## Exercise directions
Return all the lines below exactly as written. Drop every picture.

## Data segment
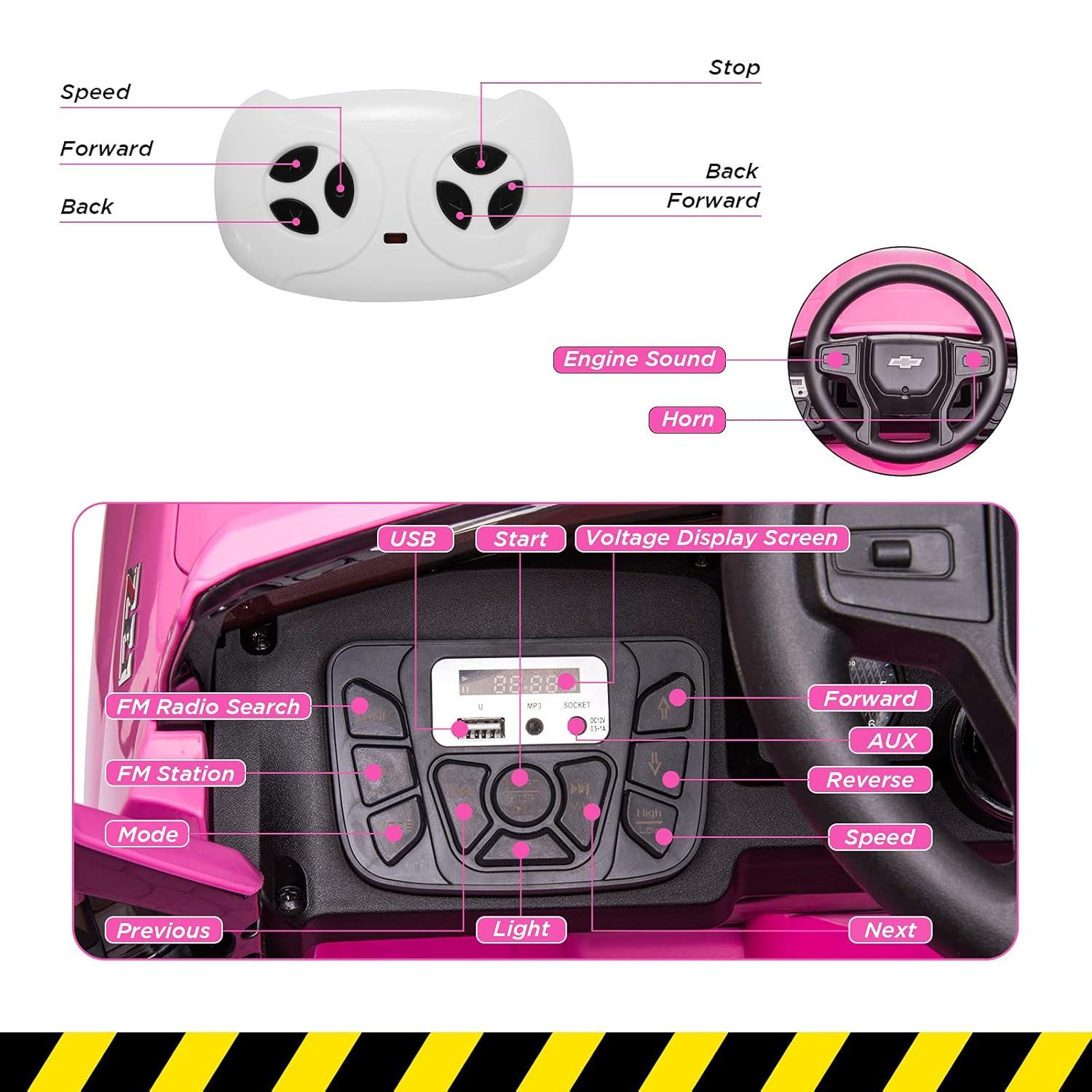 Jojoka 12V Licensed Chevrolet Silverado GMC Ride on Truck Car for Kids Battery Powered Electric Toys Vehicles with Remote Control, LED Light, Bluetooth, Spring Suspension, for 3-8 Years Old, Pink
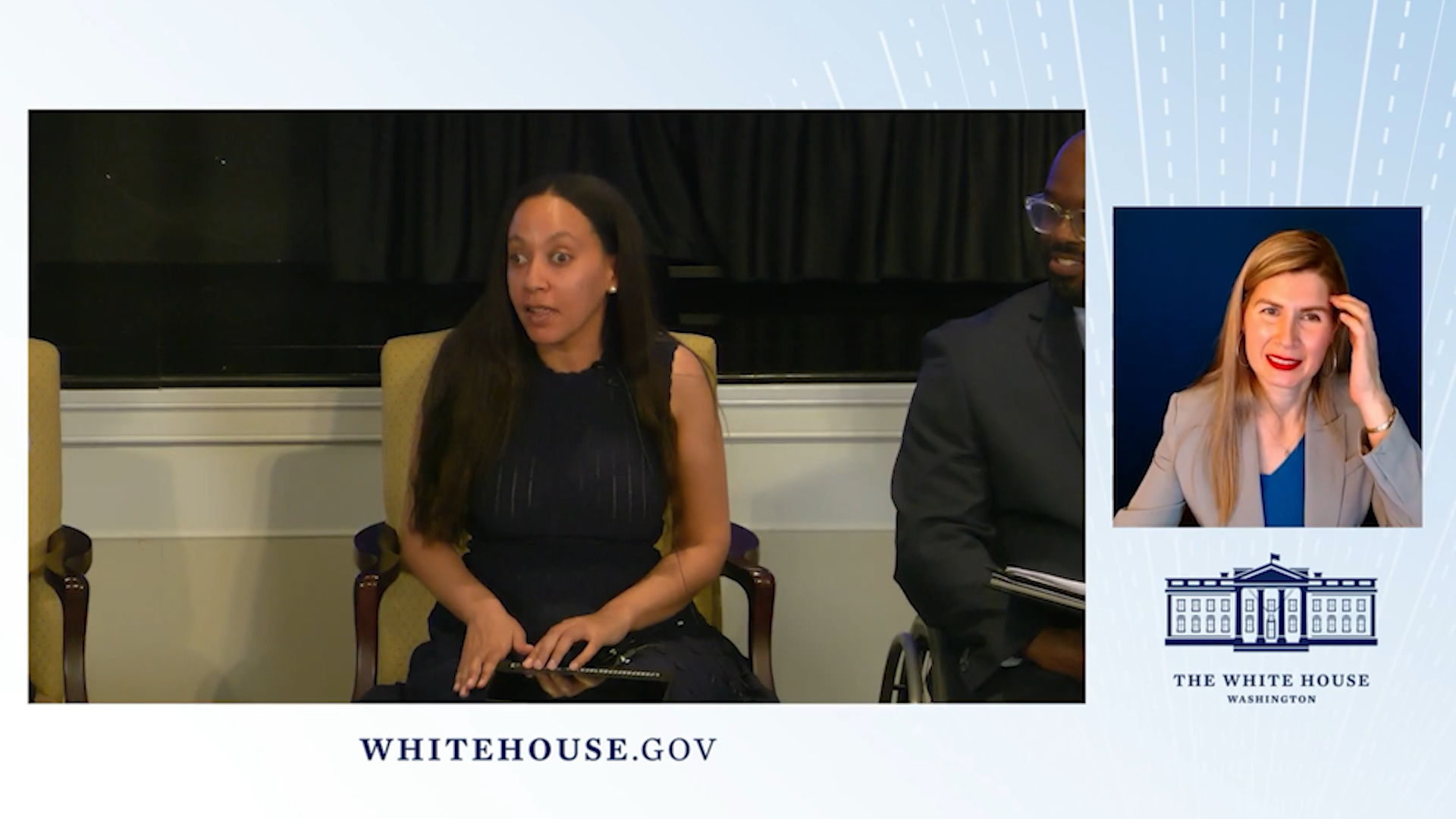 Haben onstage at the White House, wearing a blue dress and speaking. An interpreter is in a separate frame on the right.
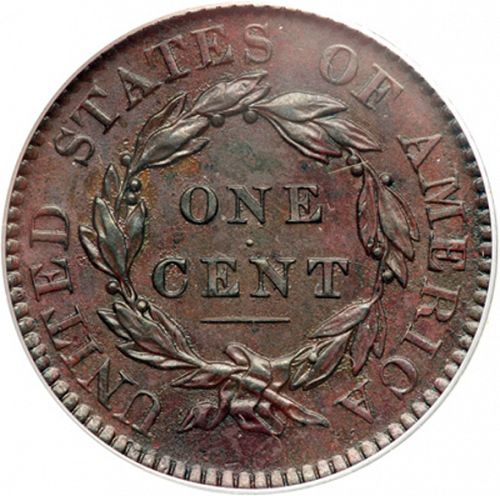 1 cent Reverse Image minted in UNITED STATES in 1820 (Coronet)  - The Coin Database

## Output for this task
 Jojoka 12V Licensed Chevrolet Silverado GMC Ride on Truck Car for Kids Battery Powered Electric Toys Vehicles with Remote Control, LED Light, Bluetooth, Spring Suspension, for 3-8 Years Old, Pink
 Haben onstage at the White House, wearing a blue dress and speaking. An interpreter is in a separate frame on the right.
 1 cent Reverse Image minted in UNITED STATES in 1820 (Coronet)  - The Coin Database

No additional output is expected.